Starting work on the project exactly a century after the killings it portrays, Moore plays with the idea that the 1880s were a sort of microcosm of what was going to happen in the 20th century - scientifically, artistically, and politically. The point is not to solve the murders; instead, he is interested in how the crimes have become part of a cultural psyche. Jack the Ripper, in a very real sense, never had a physical existence; he was a collage-creature, made from crank letters, hoaxes, and sensational headlines. Right from their inception, the murders entered the realm of fiction, and the reality of the case has rarely been anything but a sideshow. From Hell presents its Ripper as physician Royal Sir William Gull, commanded by Queen Victoria to suppress the evidence of a bastard born to Prince Albert Victor. Gull decides that he is a magician and that the murders will be acts of social magic, surmising that history itself has a structure, with Freemasonry its architect.

Eddie Campbell illustrates a London that to a large extent no longer exists, yet is arguably the book’s primary character.

One of the greatest attributes of Moore’s work is his deep knowledge of collaboration; his famously detailed scripts are the writer as auteur, but deliberately play to individual artist’s strengths. Through a cinematic sense of place, Campbell’s angry black-and-white renderings effectively convey the Victorians swimming against the tide, brutally bringing to life such realities as street prostitution - the cold, cheap rooms, the alcohol, and biscuits paid for a three pence a fuck (the infamous "thrupenny upright").

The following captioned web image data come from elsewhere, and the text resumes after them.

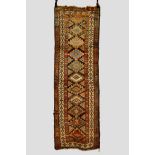 Moghan runner with a single row of Memlinc guls, south east Caucasus, circa 1930s, 8ft. 4in. x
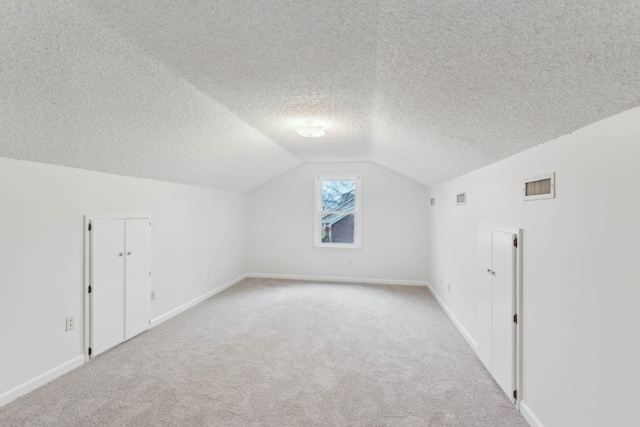 additional living space featuring a textured ceiling, light colored carpet, and vaulted ceiling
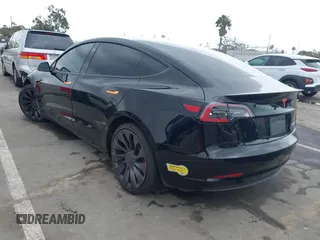 2022 Tesla Model 3 Performance with VIN 5YJ3E1EC3NF248534, listed as a IAAI auction lot 41882694 with 55,415 mi miles and . Bid and sale history available at carsss.com. Image 3.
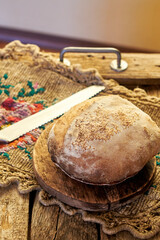 Homemade sourdough bread. Wooden background, side view.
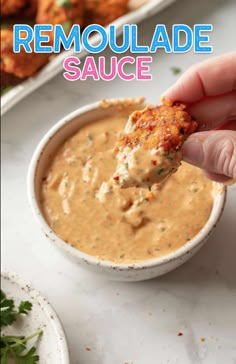 a hand dipping some food into a bowl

As drab as late 19th century London may have been, Moore and Campbell uncover the concealed energy lying below the surface, and From Hell burns with a secret, tragic knowledge.

Adapting the events, but not the narrative focus, of Moore and Campbell’s work, the film version of FROM HELL is imbued with violence, but it is not the violence of the book, rather the macho posturing and strong-arm tactics of Hollywood bad attitude. Scripted and dramatised in the formulaic manner of a serial-killer thriller, FROM HELL is the Whitechapel murders by the way of John Carpenter’s ESCAPE FROM NEW YORK. Director brothers Albert and Allen Hughes give the impression that an American audience might gain if a British production tried to recreate Metropolis; no luminance is allowed to intrude on the film’s studied gloom, nor is their any evidence of industry, only indolence. Apart from the scene where Inspector Abberline (Johnny Depp) and Mary Kelly (Heather Graham) saunter through Hampton Court Gardens, FROM HELL offers no relief from the squalor and dark-age superstition which it sees as epitomising the period. None of this is helped by the screenplay’s decision to have the historically respectable Abberline while away his leisure hours in an opium den, and act as a seer afflicted by precognitive glimpses of the killings.

Heather Graham, hopelessly miscast as Mary Kelly, in the film adaptation of FROM HELL.

The murders themselves are varied and stylish, ranging from SE7EN-style montages to giallo-influenced throat slashing, but given the film had two hands on the directorial tiller, overall it is conventionally handled. Endless crane shots and a surplus of lap dissolves work against the action; one sequence employs time-lapse photography to show the gathering of a crowds around the body of Polly Nichols, but this is a gimmick used in isolation and reminiscent of the glass-ceiling shot in Alfred Hitchcock’s THE LODGER: A STORY OF THE LONDON FOG. But it is the weak casting of the two leads that is the primary flaw. A glum Depp struggles to maintain his bizarre Scottish/Cockney accent, and Graham radiates a sunny Californian physicality despite her dyed red hair and working girl lilt that would not even pass for a prostitute in modern day Los Angeles, let alone in the mean streets of Victorian London. This problem is amplified further by a superior British supporting cast, including Ian Holm as Gull, and most memorably Jason Flemyng as the Ripper’s coachman, Netley.